Yun Su selalu membenci takdir. Takdir selalu membawanya kepada sisi terkeras kehidupan dimana hanya ada dua pilihan: Menjadi yang terkuat, atau menjadi kaum tertindas.
Suatu hari, takdir kembali mengkhianatinya dan membawanya kepada penghujung hidupnya. Yun Su didakwa atas pembunuhan tiga orang perempuan, pemerkosaan, dan juga perampokan. Tiga kejahatan berat yang cukup untuk membawanya ke tiang gantungan...
Sementara itu, Yu Jeong adalah seorang perempuan cantik, kaya, dan terkenal yang berasal dari keluarga berada di Korea. Semua mengira ia hidup dalam kesempurnaan. Tak ada yang tahu bahwa ia sangat membenci hidupnya dan sudah mencoba bunuh diri sebanyak tiga kali. Sayangnya, atau justru untungnya, semuanya gagal. Hubungan Yu Jeong dengan ibunya sangatlah buruk, walaupun ia adalah anak perempuan satu-satunya dalam keluarga, sekaligus juga anak bungsu. Sebuah kejadian membuat Yu Jeong sangat membenci ibunya dan tidak bisa memaafkan perbuatan yang dilakukan ibunya itu...
Hingga suatu hari, di hari percobaan bunuh dirinya yang ketiga, Bibi Monika mendatanginya. Bibi Monika adalah adik ayah Yu Jeong. Ia adalah seorang penganut Katolik yang taat, dan telah membaktikan dirinya sebagai seorang suster yang membantu para tahanan, khususnya mereka para terpidana mati.
Bibi Monika menemui Yu Jeong yang terkapar dan memberikannya pilihan. Tetap ikut rehabilitasi (yang dibencinya) atau ikut Bibi Monika dalam misinya mengunjungi para tahanan. Ia memilih yang kedua.
Dan ketika itulah takdir Yun Su dan Yu Jeong yang tadinya bersebrangan mulai terpilin dan mengikat menjadi satu. Takdir yang selalu mereka benci karena telah mengkhianati mereka. Takdir yang telah membuat mereka menjadi orang yang tidak pernah merasakan kebahagiaan, ataupun perasaan dicintai. Takdir yang selalu mengolok-ngolok mereka seakan ingin berkata bahwa mereka hanyalah manusia lemah yang tak punya kuasa apapun pada permainan nasib...
Mungkinkah kali ini takdir pun kembali mengolok-olok mereka? Tak adakah yang bisa mereka lakukan untuk mengubah takdir? Mampukah mereka saling mengobati luka di dalam hati yang terlanjur parah dan bernanah setelah sekian lama itu?
Aigoo....
Saya masih kebayang sedihnya setelah menutup lembaran terakhir buku ini. Jujur hingga pertengahan cerita saya mengira bahwa saya hanya akan memberi bintang 2 hingga 2,5 untuk buku ini. Nggak nyangka kalau akhirnya saya malah ngasih bintang 4 buat buku ini. Setengah bintang untuk Yu Jeong, dan satu bintang untuk Yun Su Oppa.

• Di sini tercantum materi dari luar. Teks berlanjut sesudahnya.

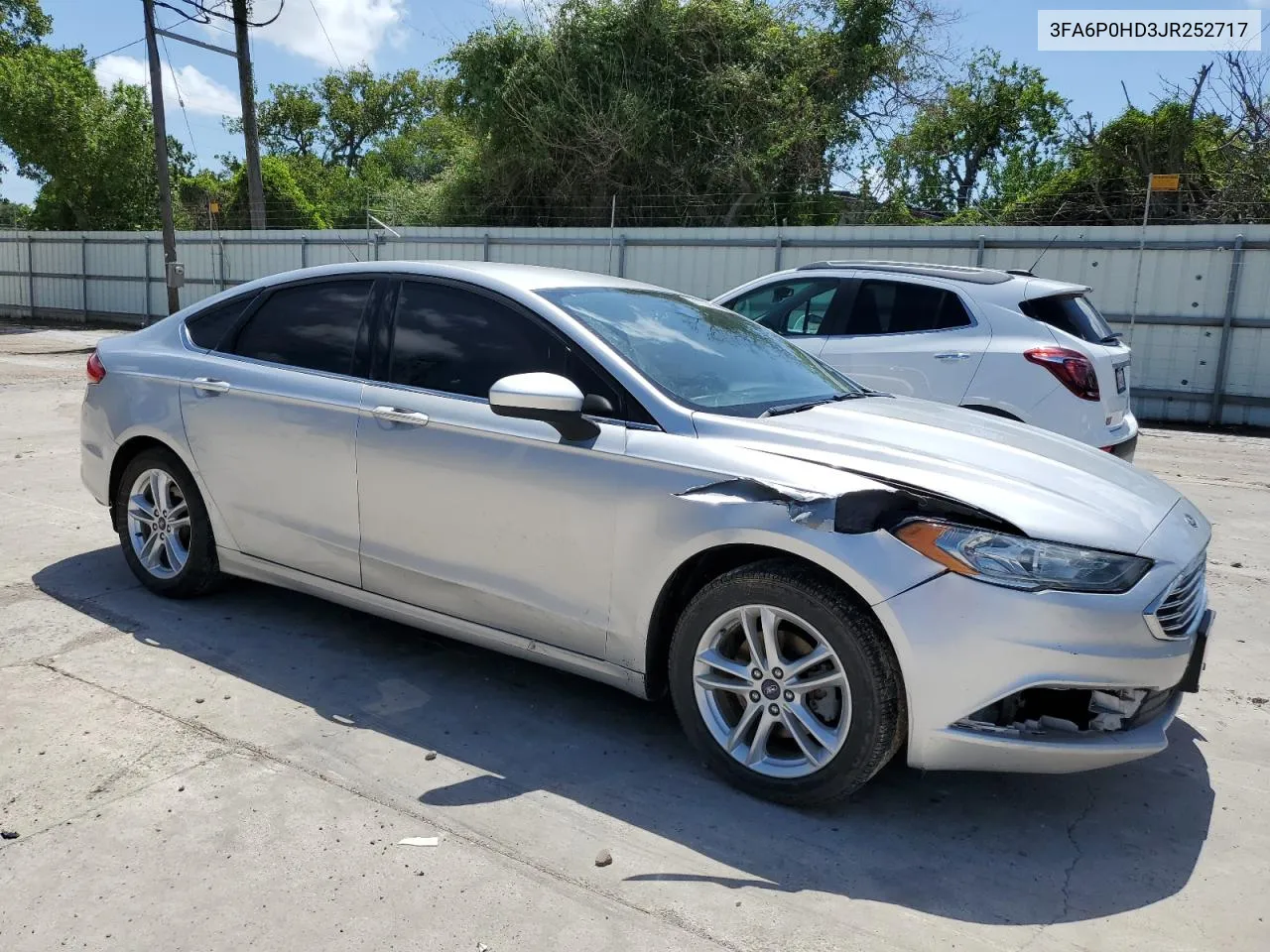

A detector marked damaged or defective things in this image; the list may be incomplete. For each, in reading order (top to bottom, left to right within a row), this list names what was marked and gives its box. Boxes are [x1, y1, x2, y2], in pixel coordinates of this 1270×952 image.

crumpled hood [695, 397, 1183, 559]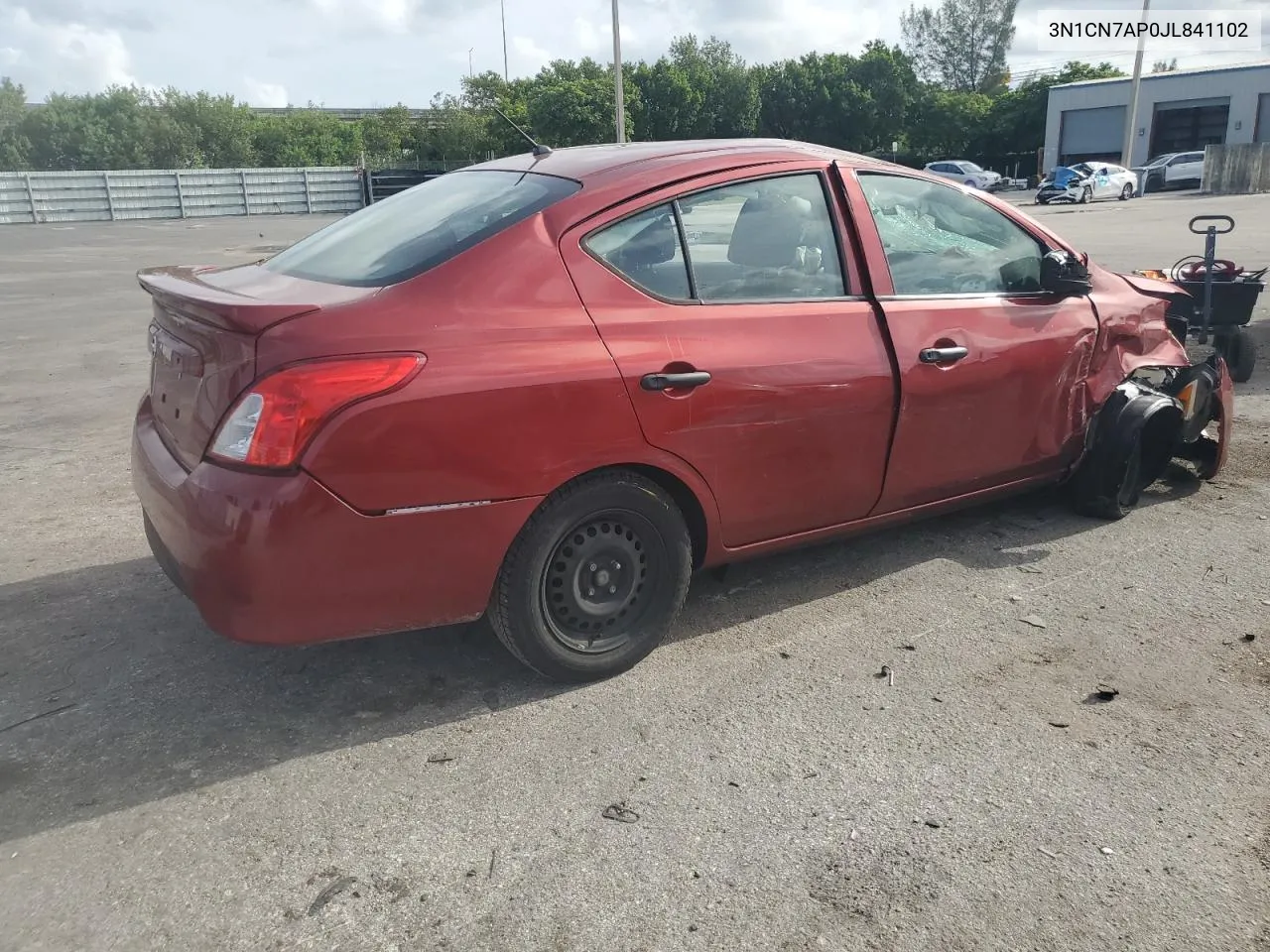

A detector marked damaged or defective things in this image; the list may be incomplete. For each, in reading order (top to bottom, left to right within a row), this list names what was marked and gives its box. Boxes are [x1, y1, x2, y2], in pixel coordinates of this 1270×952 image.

damaged red sedan [131, 138, 1230, 682]
detached wheel [1222, 327, 1254, 383]
detached wheel [488, 466, 691, 678]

Di bagian awal tertulis proses kreatif sang pengarang, Gong Ji-Young ketika menulis buku ini. Ia benar-benar terinspirasi pada para terpidana mati di Korea. Ia bahkan sempat menghabiskan beberapa waktu bersama para suster di dalam penjara dan melihat lebih dekat kehidupan para terpidana itu.
Karena itu saya merasa kagum dengan si pengarang yang melakukan riset luar biasa untuk bukunya ini. Meskipun ketika membaca sampai tengah buku perasaan saya masih datar-datar aja dan ngerasa kalo alurnya nggak jauh beda sama drama-drama Korea melankolis yang mengumbar tangis. Nah, baru deh pas menjelang akhir cerita saya ngerasa nyesek dan tergugu... T^T.
Sebenarnya, ketimbang kisah cinta yang romantis dan mengharu biru, buku ini lebih banyak bercerita tentang memaafkan dan melepaskan. Buku ini menceritakan proses memaafkan orang lain juga tentang melepaskan perasaan dendam yang sudah bercokol lama di dalam diri.
Saya suka bagian kisah Yun Su yang sedikit demi sedikit terkuak melalui "Catatan Biru"-nya. Di bagian khusus buku, yang dicetak dalam kertas gelap di setiap pembuka bab, ini kisah Yun Su membuat saya merasa miris, sedih, dan kasihan pada lelaki itu. Ingin rasanya saya menyentuh pundaknya dan memberikan kata-kata penghiburan padanya. Pengennya sih meluk, tapi bukan muhrim.. xp
Lalu, yang paling bikin saya nyesek adalah ketika membaca bab-bab akhir buku ini. Nyeseknya adalah... Saya harus nahan nangis karena baca buku itu di tempat umum... TT_______TT Kalo baca di rumah, saya pasti udah nangis sesenggukan deh. Dijamin.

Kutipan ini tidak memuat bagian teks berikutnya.